The great thing about working with bodeis of water is that they reflect light and that reflection can be almost graphic in nature. While looking out west where there was just a slight hint of red on the horizon, the rest of the sky showed almost no coloration. While the scenario is technically backlit the overall tone is that of a black and white. This is a result of no clouds, no moisture, the temperature seems more neutral then cold as a result.
Looking out east where the last bit of light was hitting the clouds are cold but there is enough light to make out the rest of the scene. Both images were shot with the D4 and 18mm and neither one of them saw much time in ACR but it amazes me how different the landscape can look when looking 180 degrees the other way. The physics of light in that regard are pretty amazing.
I love working with roads. It may seem odd to use in landscapes but they are a great simple way for the minds eye to move through an image. When it comes to my landscape photography I try to either exclude the man made objects that are often distracting from the overall scene or incorporate them so that they are not distracting. Roads are one of those man made objects that can be included to tell a story.
I threw up these three examples to show how effective a road can be. They were all taken with the same settings and with a D4 and 18mm.

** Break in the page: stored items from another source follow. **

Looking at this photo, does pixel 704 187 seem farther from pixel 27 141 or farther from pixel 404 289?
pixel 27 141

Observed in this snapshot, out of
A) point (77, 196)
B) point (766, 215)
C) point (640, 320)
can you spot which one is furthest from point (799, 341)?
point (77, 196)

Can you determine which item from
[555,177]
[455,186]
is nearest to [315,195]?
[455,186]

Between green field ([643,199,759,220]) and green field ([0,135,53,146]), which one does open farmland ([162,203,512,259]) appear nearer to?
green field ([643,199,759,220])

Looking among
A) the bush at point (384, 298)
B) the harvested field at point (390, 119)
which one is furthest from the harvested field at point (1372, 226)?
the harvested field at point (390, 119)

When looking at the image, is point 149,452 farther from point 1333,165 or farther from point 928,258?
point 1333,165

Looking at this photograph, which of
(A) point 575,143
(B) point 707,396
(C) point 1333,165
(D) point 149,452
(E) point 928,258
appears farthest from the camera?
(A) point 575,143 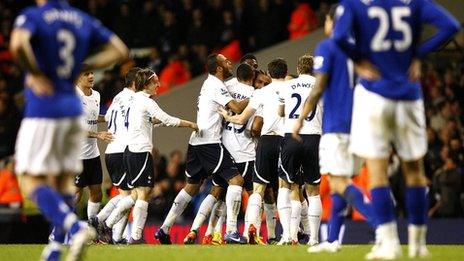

While they were all taken at the same location they were in slightly different spots but the story remains the same. The really important element to remember when it comes to roads is that there has to be something worthwhile at the end. That simple notion goes back far into human psychology that there is always something better at the end of the journey. The image incorporates that ideal by showing what we are seeing along that journey. The next time you’re out shooting remember to look for those roads.
Montana has been very fortunate this year in the low amount of fires we’ve had in the Gallatin area, especially with how dry everything has been. Over the last week the smoke has slowly cleared out of the valley in part due to the number of storms that have come through. This past weekend we had a great storm come through and Saturday was a great evening to head out.
With the potential of some great light I headed over to a local marsh outside of Manhattan where the birding has been good in the past. When it comes to chasing storms knowing where the best light will be hitting is essential in order to get the best shot. Often times knowing this comes from a lot of time spent exploring the local areas so that when one of those mornings or evenings comes up you’ll now where to go. While it was somewhat of a gamble going to the marsh, having been out there before I knew that it would be good one way or another. Well for birding it wasn’t as good but the sky did open up right above me.
This is one of those times when it’s all about having fun. With the D4 and 18mm all I did was point and click. Being able to shoot and just enjoy is rare treat in the photography realm and is easy to forget about after all the time spent planning out schedules. The sky was great for a while but in the bottom image looking out west, the clouds were rolling in fast stopping that last breath of light from emerging. Still was a great evening to be out.
I love Spring weather in the Rockies. Bozeman has always been a great place for landscape photography since we usually get some great clouds moving through. Yesterday was one of those days where I really wasn’t sure if anything was going to happen since nothing did all day. It wasn’t until about 5pm that the thunder started. One quick 90 min rain shower later and it was done but the clouds stuck around for a little while to play with.
I drove over to my buddies ranch which is one of my favorite places to go for the Spring weather because I can get a 360 degree clean view of the Gallatin Valley, while able to see the mountains in all directions. It’s good to have friends. These were just a couple of quick clicks with the D4 and 24-70, focusing on the great green fields and contrast in the clouds.
Except for my travels, I have spent my whole life in the mountains. Whether it’s the Sierra’s or the Rockies there is just something about being up in gods country that just feels good, especially when those days come along that I’m glad I became a photographer.
The Gallatin River is very swollen right now with high waters at most access spots and is anything but clear. This is usually the case with the Spring runoff and it makes it not enjoyable for fishing but still useful for shooting. A while back I had found a spot that looked promising for birding and it happened to be next to the river. The light was fading fast but there was enough on the river with the right clouds in the background to warrant a quick click with the D4 and 24-70 AF-S.
I never would have guessed that with the small diffusion layer to the west that the sky would turn from what it was to what it became. I truly haven’t seen a sunset that spanned the length of the Bridger’s and lasted for forty five minutes, that’s 30 minutes after sun down, in a long time. It was one of those moments where I was kicking myself wishing that I was at a better spot but life being what it is you can only make do and enjoy the show.